The number of children educated in Islamic schools has
increased dramatically, especially since governments have been
under pressure from western financial institutions to implement
structural adjustments, and have cut spending on education,
health and nutrition. It is said that in government schools, the
teachers don't show up.
Those who see symbols of decadence in western culture are led
to the austere purification rituals of a backward-looking version
of Islam. The "purely" economic prescriptions of the IMF, World
Bank and WTO have repercussions far beyond the merely economic
sphere: They profoundly affect social relationships, culture,
religion. Many people see in these a fundamental assault on the
sensibility and tradition of the people; a form of the very
fundamentalism which they call forth in response, and which is
met with astonished incomprehension in the west.
In this way, the very ideology of business serves indirectly
as a recruiting agent for a vengeful fundamentalism, for versions
of religion and faith unrecognizable to tradition and piety
alike. The purveyors of these elegant doctrines of self-
enrichment dissociate themselves from the consequences of their
apparently secular preachings; with the results that we have
seen.
There are, of course, other elements in the business
development model and the reactions it provokes. In Bangladesh,
the battleground of the warring ideologies of modernized
colonialism and politicized Islam is an older, rooted Bengali
culture. The Islam of Bengal was generous and inclusive. It co-
existed, not only alongside Hinduism, animism, Buddhism and
Christianity, but also the humanism of a thousand-year-old
Bengali tradition, with its song, poetry and drama of Lalon,
Nazrul Islam and Tagore, as well as the ancient music of the
paddy fields of Bengal. This culture is being ground between
alien ideologies, its antique beauty a dwindling force in lives
to which it not so long ago gave meaning.

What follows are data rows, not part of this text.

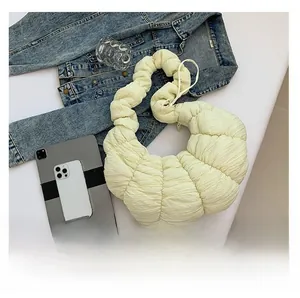 Vue détaillée du sac croissant plissé crème avec objets quotidiens montrant sa capacité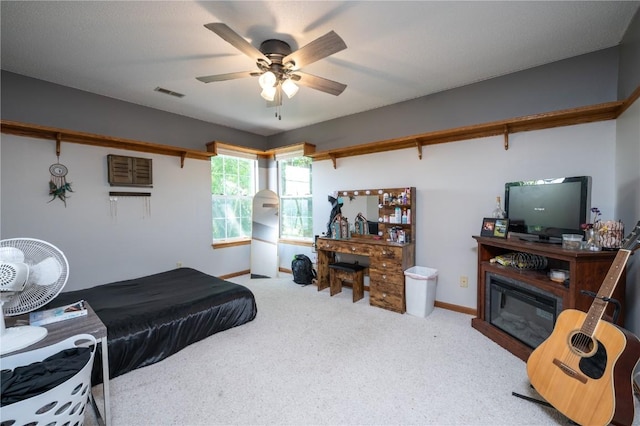 6919 Rockingham Dr SW, Cedar Rapids, IA 52404 - carpeted bedroom featuring a glass covered fireplace, baseboards, and a ceiling fan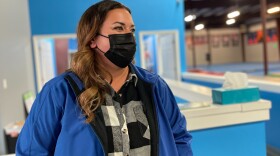 Nurse Sara Dean of Mount Juliet, Tenn., attends her daughter Harper's gymnastics practice. Dean spent nearly two years travelling the country as a nurse, gaining a much higher salary than she could at home.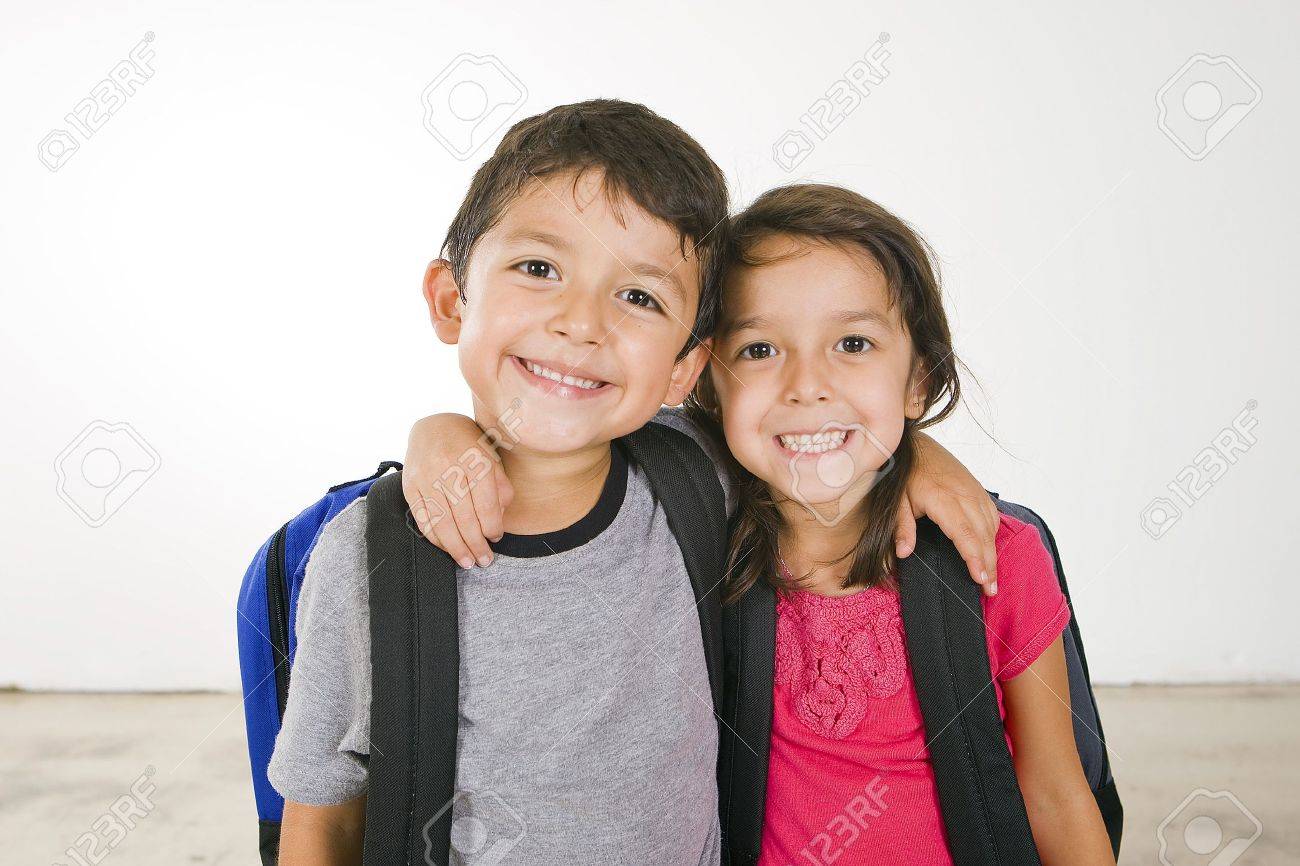 Little boy and girl with their book bags - 5679629 Little boy and girl with their book bags - 5679629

It was stated by the U.S. and the coalition against the terror
of Sept. 11 that the response would be military, diplomatic and
humanitarian. No question of any effort to deepen an
understanding of the roots of fundamentalism; and for a very good
reason. If it were our objective to anticipate, and perhaps even
to forestall, such developments, this might require an
acknowledgment of our own role in the creation of the cycle of
hope, disappointment and anger.
In the vacuum left by the extinction of socialism and the
decay of secular cultural identities, people have found in the
disciplined asperities of a regressive version of Islam a
hopeful, and sometimes, murderous alternative. It seems we are
content to rest in an idle laissez-faire of the spirit, which
permits events to take their course, and only then to seek to
rectify them by intensifying a violence which we have already
helped to unleash in the world.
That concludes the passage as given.